Going to great lengths to discredit

As a result of the Great Depression and the thinking of John Maynard Keynes (I've heard the last name rhymes with "brains") business slowdowns (also called recessions) since WWII have been pretty mild compared to the routinely horrific collapses in the 19th and early 20th centuries. The idea Keynes pushed is that government should stimulate the economy in bad times, running a deficit if necessary, and cut back on spending in boom times, paying off the debts with surpluses. Pretty good policy, though we weren't so good with the surplus part (though Bill Clinton managed it during his boom).

The GOP is definitely not following that policy, both refusing the stimulus and giving the Clinton surpluses to the rich. So, of course, they are working hard to discredit Keynes.

At one time Keynes wrote:
The long run is a misleading guide to current affairs. In the long run we are all dead. Economists set themselves too easy, too useless a task if in tempestuous seasons they can only tell us that when the storm is past the ocean is flat again.
Translation: economists are of no use if all they can do is say, "Yup, that was a bad recession, but we're now out of it." They should use their tools to make it not be so bad.

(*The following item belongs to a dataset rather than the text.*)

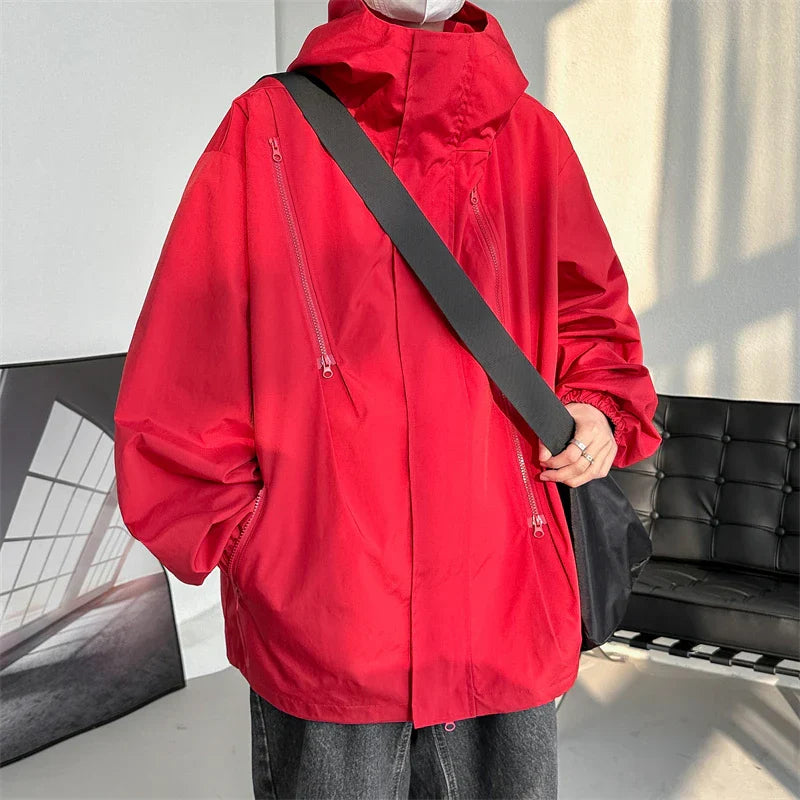 maoxiangshop 2024 Men Hooded Jacket Men Bomber Jacket Mens Windbreakers Zipper Coats Spring Autumn Loose Cargo Jacket Men Casual Sportswear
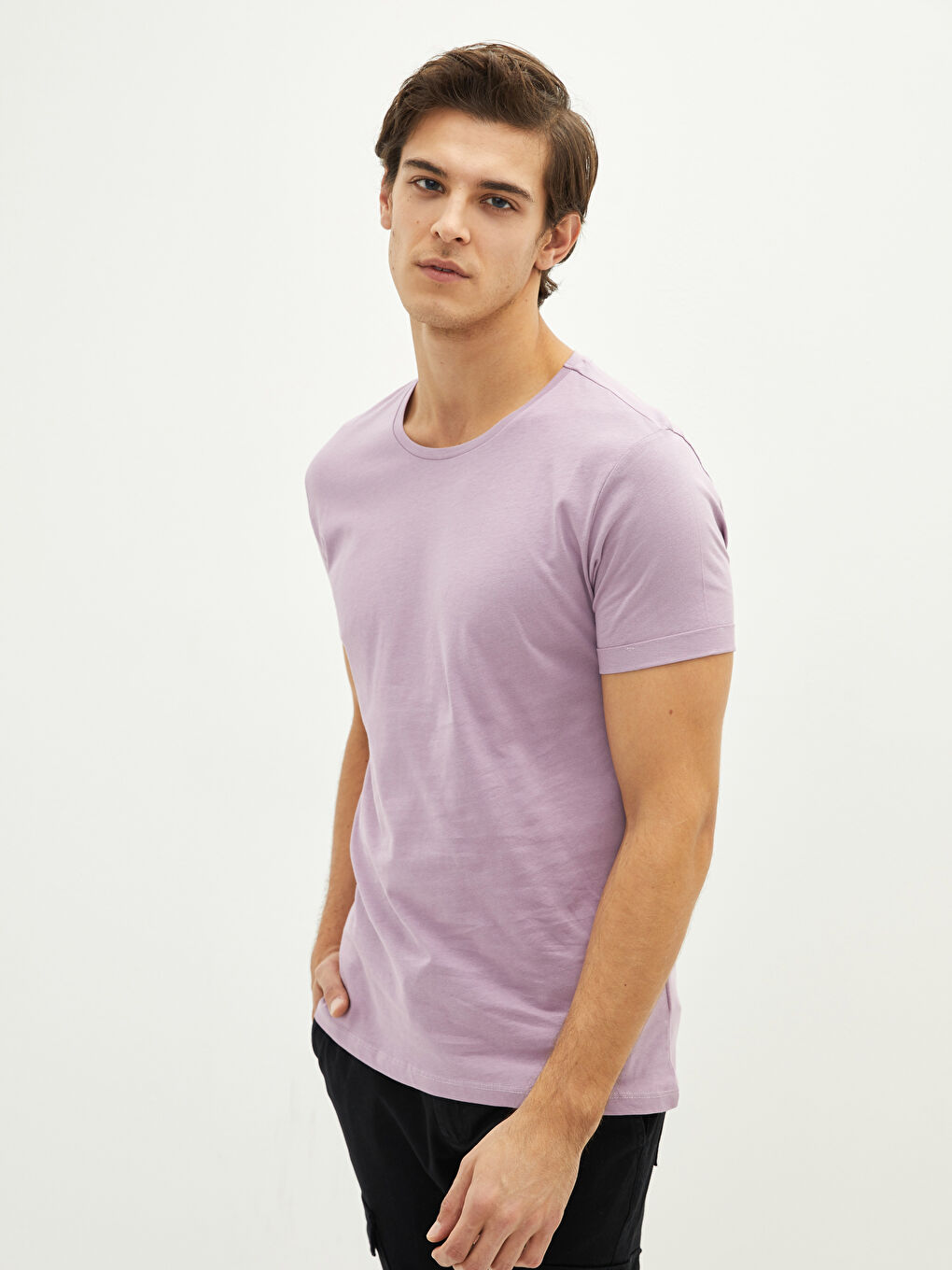 Crew Neck Short Sleeve Basic Combed Cotton Men's T-shirt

But the GOP is seizing on that second sentence, purposely ignoring the rest. Because we'll all be dead, those liberals want to pillage the economy. It won't be their problem.

The discrediting jabs have also jumped up a level with the claim, "Keynes was a childless homosexual." No wonder he came up with such a depressing line that "In the long run we are all dead." Only a hedonistic homosexual could be so selfish.

For the record, Keynes was married. To a woman.